These stylistic conventions were later adopted by the Qajars, who appropriated Zand-era manners of representations for use in their own artistic contexts.[38] In the positioning of his body within the center of the composition, the manner in which he carries his arms, his kneeled gesture, and the mixing of three-quarter and frontal views, Emir Qasem Khan’s portrait follows a formula that distinguished Zand portraiture during the course of the eighteenth century.[39] He further connects himself to the Zands through his choice of headgear: a red, cylindrical turban wrapped in brocaded wool closely associated with the Zand tribe (Fig. 6).[40] As can be ascertained from their portraits, the two men wear different iterations of the same type of headgear; Portrait of an Emir thus displays unmistakable connections to the eighteenth-century culture of the tribal Zands. Furthermore, Qasem Khan’s conscious choice to don an archetypal Zand turban, combined with the structural arrangement of the pictorial space, demonstrates an allegiance to the Zands and publicizes this aspect of his identity. And yet, even though the emir aligns himself with the expelled Zand dynasty in his portrait, he simultaneously differentiates himself from them by evoking traditional conceptions of royal conduct, as previously discussed. The traditional and tribal components of Qasem Khan’s multidimensional character presently give way to the portrait’s perceivable contemporaneity with nineteenth-century artistic innovations that the Qajars proudly touted.

 

Contemporary Ideas and Western Interests

During the nineteenth century, cultural and industrial transformations that had been occurring in Europe began to have repercussions across the world.[41] While the allure of economic, technological, and domestic modernization was strong for the Qajars, who sought to appear as influential as the Western powers on a global scale, the pull of tradition was just as strong.[42] The Qajars thus found themselves caught in a precarious position as traditional customs collided with technological inventions and Western ideas. Motivated by European innovations, the Qajar monarchy felt compelled to respond through parallel modernization. This entailed government-funded developments in science, education, technology, military tactics, and the arts. Within these circumstances, the Qajars’ magnificent revival of the Persian past was rooted in an attempt to craft a collective identity that breached temporal and cultural boundaries.[43]

In stylistic technique and pictorial disparities, Emir Qasem Khan’s portrait displays attributes that originated out of the European artistic canon and were adopted by many eighteenth and nineteenth-century Persian painters—namely, the use of perspective and oil paint, and European-inspired patterns and ornamentation.[44] The artist of Portrait of an Emir, Afrasiyab, employed compositional perspective to construct the space in a manner that creates an illusion of depth. This is evident in the layering of domestic furnishings, specifically the window and curtain, and in the carpet, which recedes backwards into space; this three-dimensional construction of space is innovative for this time. Similarly, Afrasiyab’s use of oil paint and the rich, dark colors it produces were valued even more during the Qajar period even though they had been used in the ateliers of preceding periods.[45] Through increased contact with Europe and the desire to proclaim dynastic legitimacy, the Qajars developed a unique visual language that informed their imperial identity and political legacy.[46]

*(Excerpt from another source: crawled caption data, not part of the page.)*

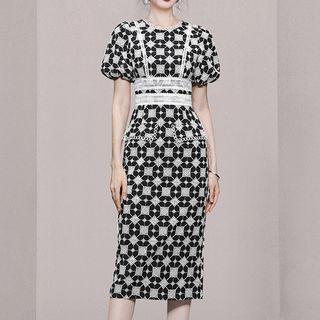 Puff-sleeve Lace Panel Midi Bodycon Dress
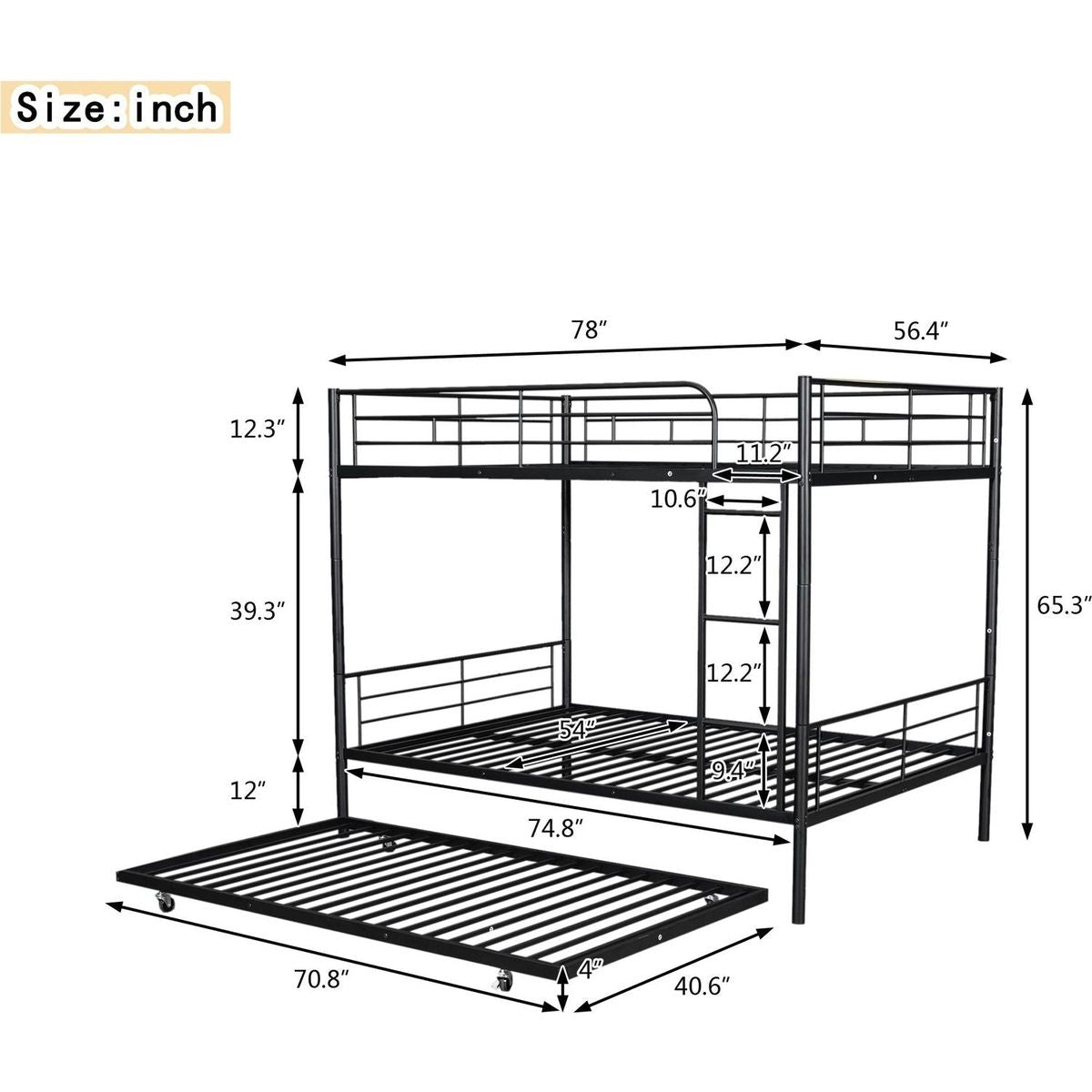 Full Over Full Metal Bunk Bed with Trundle, Black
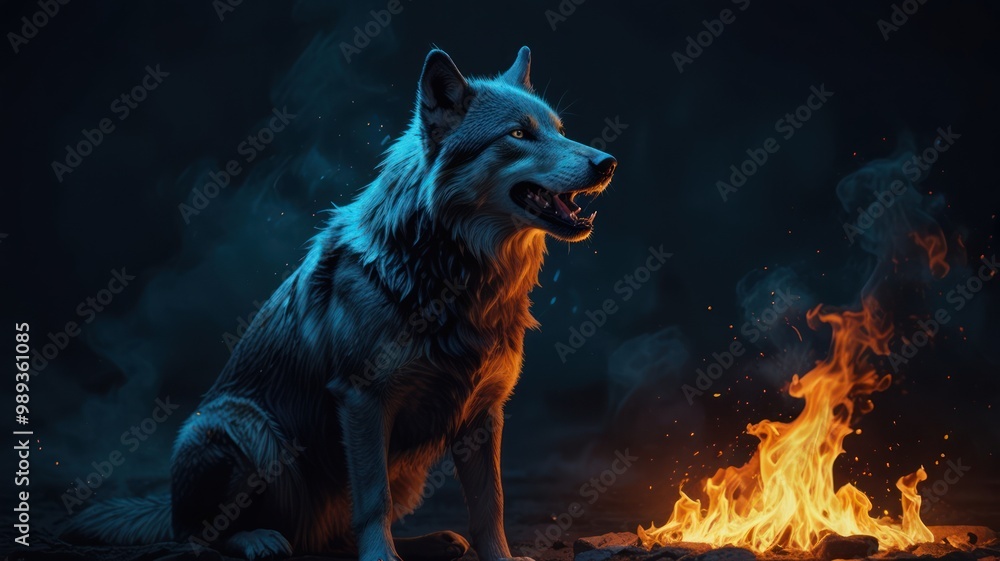 Fototapeta premium Wolf by the Fire
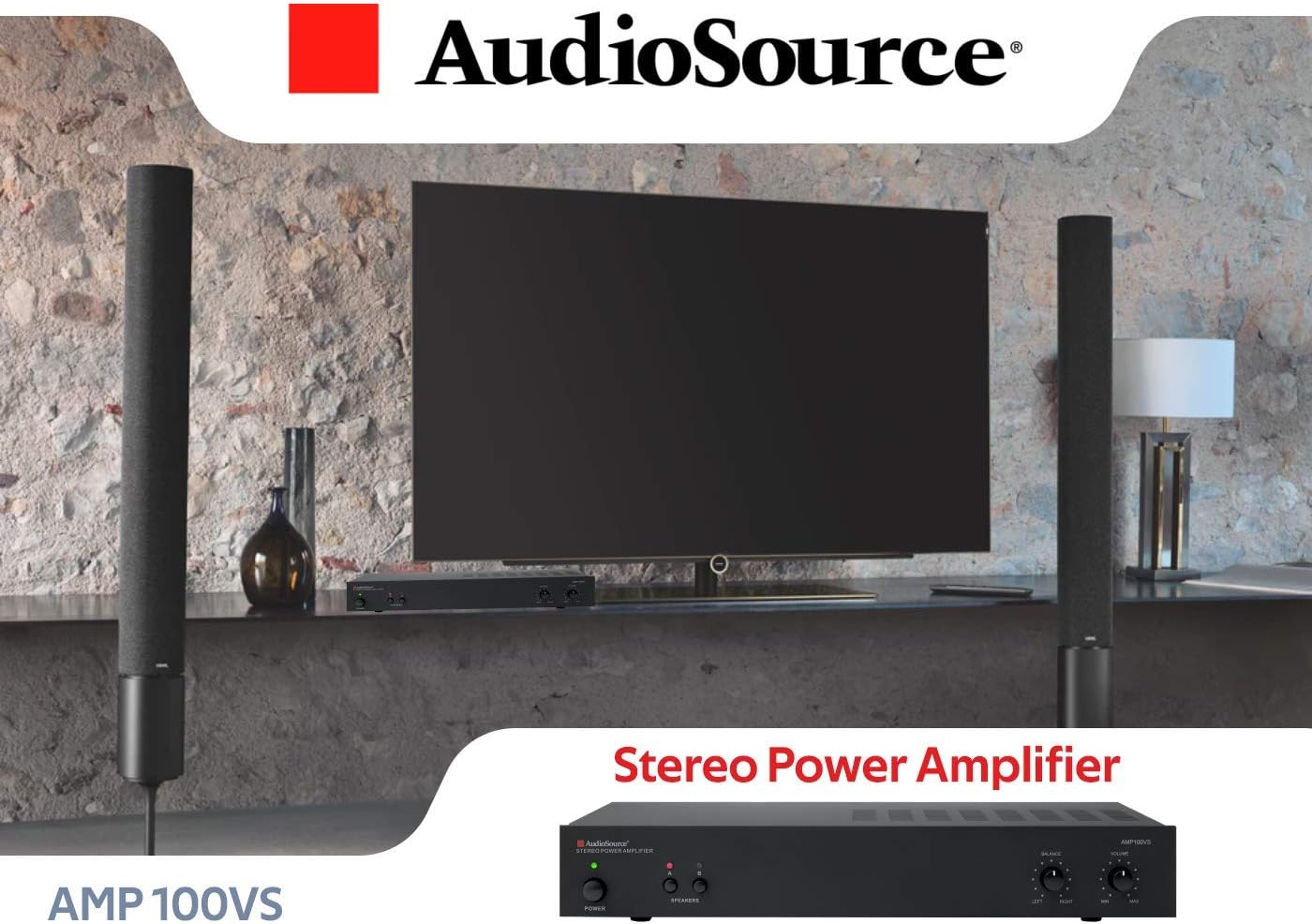 🔥 AudioSource Analog Amplifier, Stereo Power A Amplifier AMP100VS for Home Sound Systems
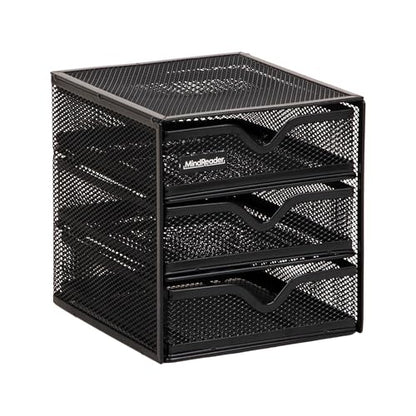 Mind Reader Desktop Accessory Storage, Desk Supplies, Organizer, Office, Metal Mesh, 6.25" L x 6.5" W x 6.5" H, Black - size: 6.25"L x 6.5"W x 6.5"H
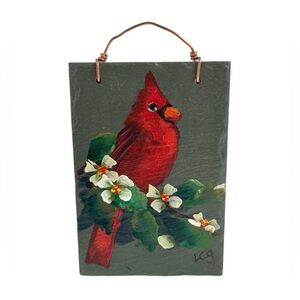 Hand Painted Shingle Art Cardinal Flowers Signed Alabama South Eden Art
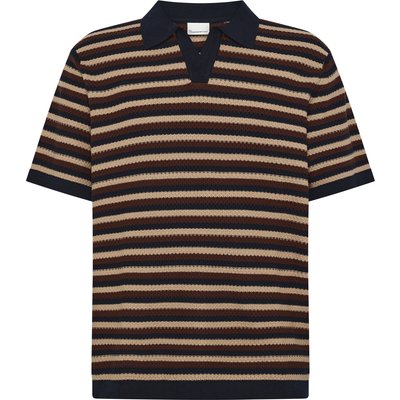 KnowledgeCotton Apparel Herren Striped Knitted Polo T-Shirt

A growing European presence in Iran, as well as the Qajar openness to Western motifs and artistic devices in the nineteenth century, incited an occidental fascination with European material culture.[47] As a result, many Persian craftsmen, artisans, and weavers manufactured their products with European décor in mind, for many such objects were produced with the intention of being sold in European markets.[48] This is evident in Qasem Khan’s portrait through the presence of decorative objects that reflect European tastes. The bolster pillow that sits behind him, which is adorned with a translucent, gauzy material and intricate golden-embroidered fabric, is reminiscent of nineteenth-century European floral silks in color and patterning. Additionally, the bowls in the foreground, known as sahan bowls, are decorated with colorful rose arrangements; they were also inspired by European paradigms and produced for European consumption.[49] An example of a sahan made for Fath-Ali Shah around 1820 bears similar bright pink and blue polychrome roses and floral decoration (Fig. 7). Thus, the complex relationship between the Qajars’ traditional society and contemporary Western paradigms bred a dynamic that was rooted in the validation of identity through reconciling these two ideas.

1

Figure 7. A gilt and painted covered dish (sahan) made for Fath-Ali Shah Qajar, Persia, ca. 1820. Polychrome between gilt foliate details; 7.4 in  diameter, 6.1 in height. Private collection. Image courtesy Sotheby’s.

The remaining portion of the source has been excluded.